Construing §922(g)(9) to exclude the domestic abuser convicted under a generic use-of-force statute (one that does not designate a domestic relationship as an element of the offense) would frustrate Congress’ manifest purpose. Firearms and domestic strife are a potentially deadly combination nationwide. See, e.g., Brief for Brady Center to Prevent Gun Violence et al. as Amici Curiae 8–15....
I highlight here key sentences because they reveal the willingness of a majority of the Supreme Court, including two of the Justices in the majority in Heller, to embrace and endorse assertions by proponents of broad gun bans and by the Brady Center as to just when certain types of firearm possession are sufficiently "dangerous" and "potentially deadly" to obviate any apparent constitutional concerns with using federal criminal prohibitions to restrict broadly any gun possession in the home by certain persons.
Perhaps even more telling, however, are the punches pulled by even Chief Justice Roberts in his closing statements in his Hayes dissent (which was joined by the surprisingly silent Justice Scalia, author of Heller majority opinion):
It cannot fairly be said here that the [statutory] text [prohibiting prohibiting gun possession by certain persons] “clearly warrants” the counter-intuitive conclusion that a “crime of domestic violence” need not have domestic violence as an element. That leaves the majority’s arguments about legislative history and statutory purpose. This is not the “rare” case in which such grounds provide “fair warning,” especially given that there is nothing wrong with the conduct punished — possessing a firearm — if the prior misdemeanor is not covered by the statute.
If the rule of lenity means anything, it is that an individual should not go to jail for failing to conduct a 50-state survey or comb through obscure legislative history. Ten years in jail is too much to hinge on the will-o’-the-wisp of statutory meaning pursued by the majority.
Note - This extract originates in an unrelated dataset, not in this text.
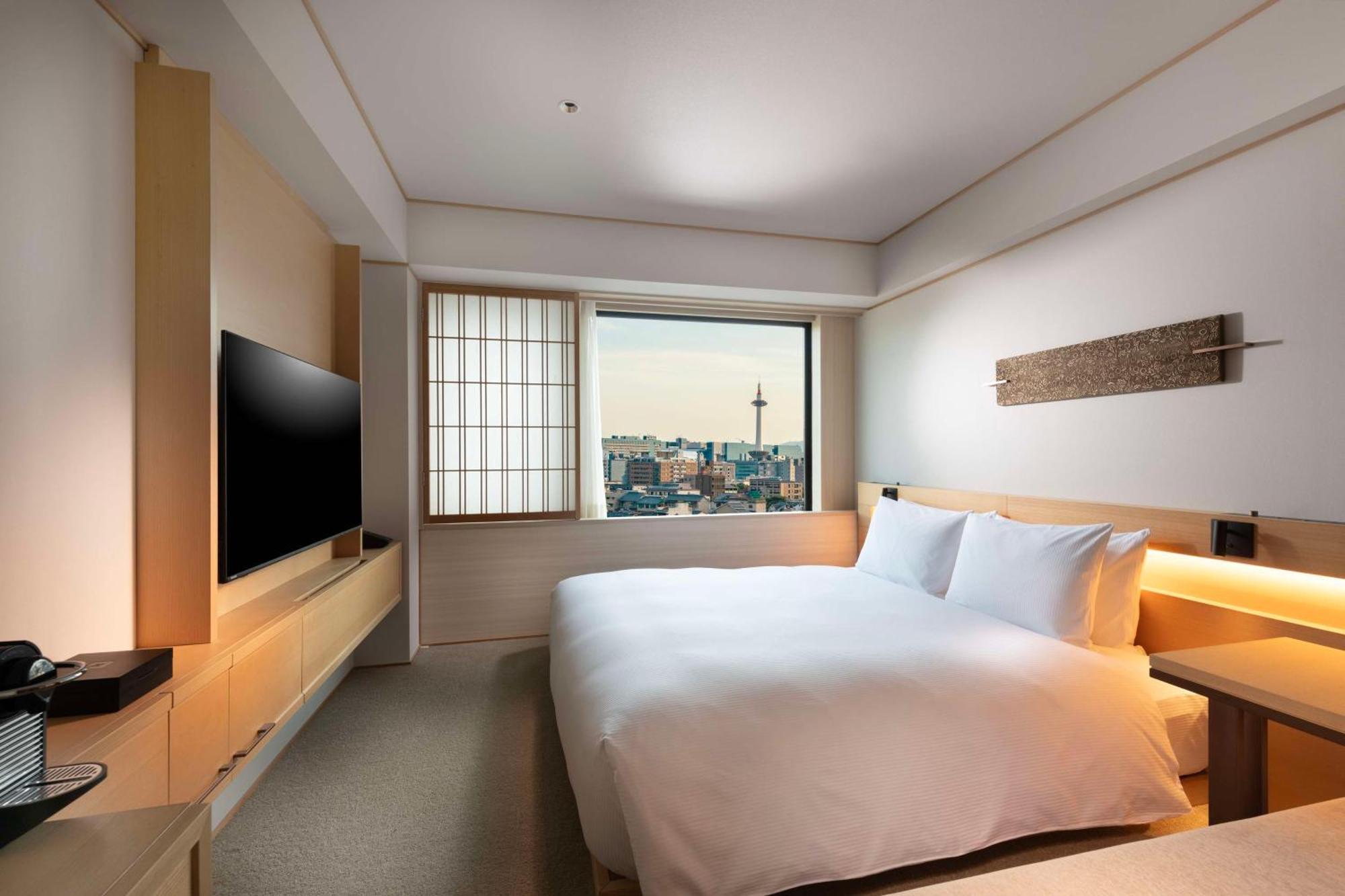 Hotel Doubletree By Hilton Kyoto Higashiyama Zewnętrze zdjęcie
I highlight here a key phrase that sure seems to damn "possessing a firearm" with faint praise. Note that the Chief says merely that "there is nothing wrong with the conduct" of possessing a firearm. In the wake of Heller, it is telling that he does not say instead that "there is a provision of the Constitution that protects an individual right to engage in the conduct" of possessing a firearm in the home for self-protection. Moreover, in light of Heller, wouldn't reference to the Second Amendment have been appropriate at the close of this dissent? Why didn't the Chief (or Justice Scalia) add something like this:
If the Second Amendment and Heller means anything, it is that an individual should not forever lose his right to possess a gun just because he may have long ago pled guilty to a misdemeanor that the state now says makes him too dangerous to retain his constitutional right to personal self-defense in the home. Ten years in jail is too much to threaten on the will-o’-the-wisp of potential misdemeanor prosecutions secured by states that might be eager to pursue back-door limits on who can exercise Second Amendment rights.
Especially in light of the disrespect Heller has been given in so many other criminal justice settings, I am not at all surprised with the outcome in Hayes. I am troubled, however, that all the Justices seem content to hope that nobody will notice their gutting of Heller is the case is simply not mentioned. And I will be further troubled if the gun rights community fails to take even their favorite Justices to task for trying to sweep these issues under the statutory interpretation rug.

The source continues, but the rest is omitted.